Brief: The reply should hold only the lines from the one with "Thermoad 24 cm Rüzgargülü Kek Kalıbı" to the one with "TatFast Fancy Cat", both ends kept, exactly as they appear below, without any pictures.

BEGIN Given entries

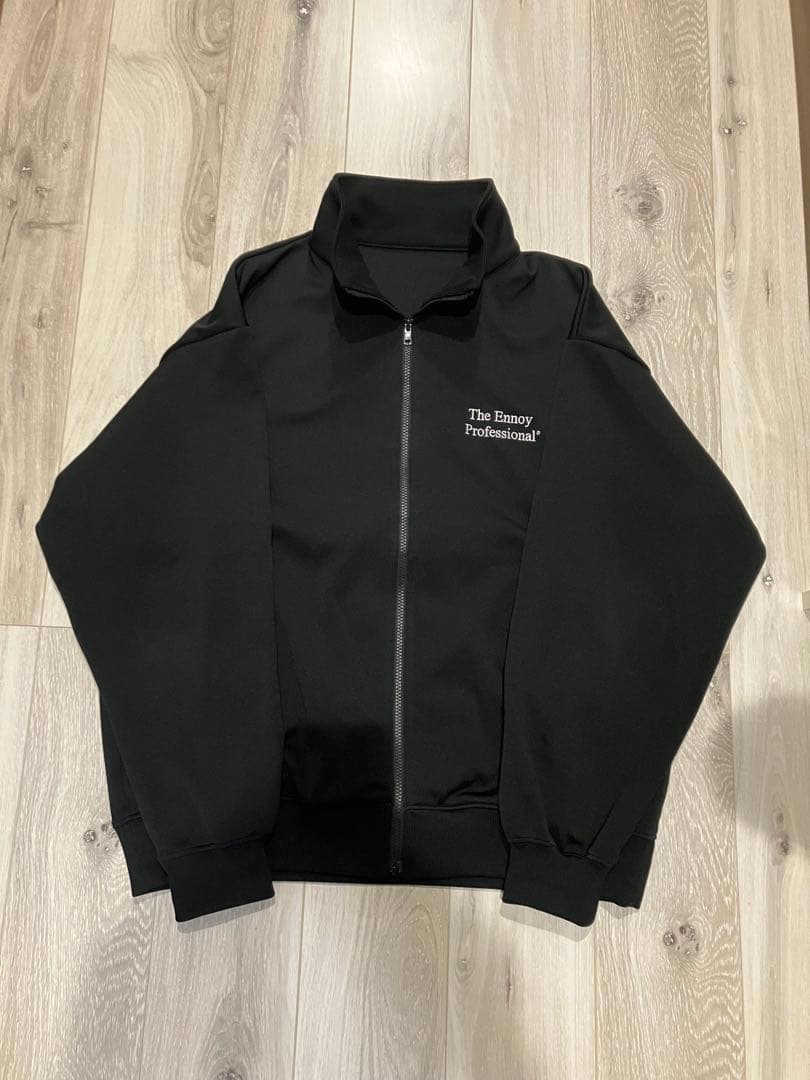 ENNOY Track Suit Black エンノイ トラックスーツ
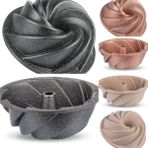 Thermoad 24 cm Rüzgargülü Kek Kalıbı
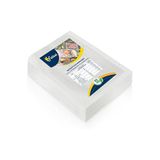 Klikal 15x20 Cm 25 Adet Gofrajlı Tırtıklı Vakum Poşeti -torbası Çok Katmanlı Kalın Tip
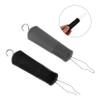 Beatifufu 2pcs Zipper Helper and Button Assist Tool for Seniors and Disabled One-Handed Dressing Aid for Arthritis and Mobility Non-Slip Gripper Pull Device in Black and Gray view 4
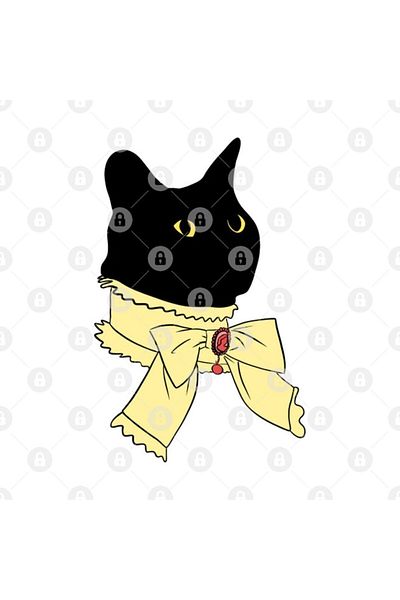 TatFast Fancy Cat Yellow Mug, Gift, Dowry, Presentation Holder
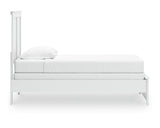 Bostwick Shoals Twin Panel Bed, Dresser and Mirror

END Given entries

Result below:
 Thermoad 24 cm Rüzgargülü Kek Kalıbı
 Klikal 15x20 Cm 25 Adet Gofrajlı Tırtıklı Vakum Poşeti -torbası Çok Katmanlı Kalın Tip
 Beatifufu 2pcs Zipper Helper and Button Assist Tool for Seniors and Disabled One-Handed Dressing Aid for Arthritis and Mobility Non-Slip Gripper Pull Device in Black and Gray view 4
 TatFast Fancy Cat Yellow Mug, Gift, Dowry, Presentation Holder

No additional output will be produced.